I have a dataframe with the following format:
ORDER_NUMBER | PRODUCT1 | PRODUCT2 | PRODUCT3 | ...
ORDER1 | 1.0 | 0.0 | 0.0 | ...
ORDER2 | 0.0 | 0.0 | 0.0 | ...
ORDER3 | 0.0 | 1.0 | 0.0 | ...
ORDER4 | 0.0 | 0.0 | 0.0 | ...
ORDER5 | 0.0 | 1.0 | 1.0 | ...
...
In essence, I have one-hot encoded all products per order so that it is clear that, e.g., ORDER1 contains PRODUCT1, but not PRODUCT2 and PRODUCT3, etc.
I also have a list of products that I am interested in, for example:
interesting_products = ['PRODUCT1', 'PRODUCT3']
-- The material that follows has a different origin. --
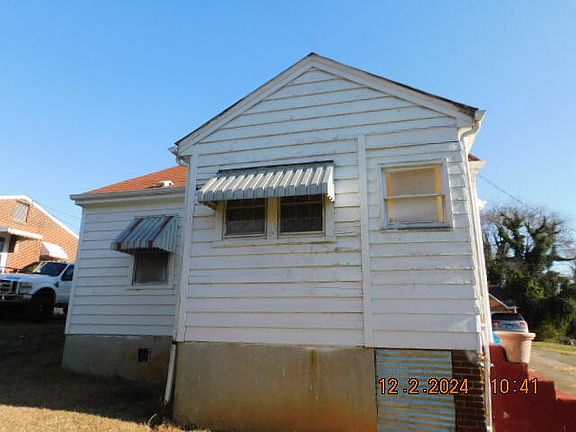 3rd image of 2820 Clifton St NW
What I want to do is to keep only the orders (rows) where the products in my interesting_products
list appear at least once (i.e., there's a '1.0' instead of '0.0').
So the resulting dataframe should be:
ORDER_NUMBER | PRODUCT1 | PRODUCT2 | PRODUCT3 | ...
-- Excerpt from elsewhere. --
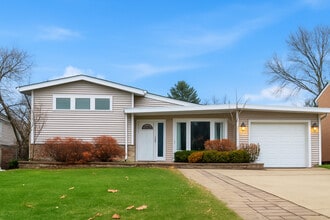 Building Photo - 42 W Taylor Rd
ORDER1 | 1.0 | 0.0 | 0.0 | ...
ORDER5 | 0.0 | 1.0 | 1.0 | ...
...
My problem is that that this file is huge (a few GBs). What is the most efficient way of filtering my dataframe?
CodePudding user response:
You can use sum
only columns by list and test if equal 1
and filter in boolean indexing
:
df = df[df[interesting_products].sum(axis=1).eq(1)]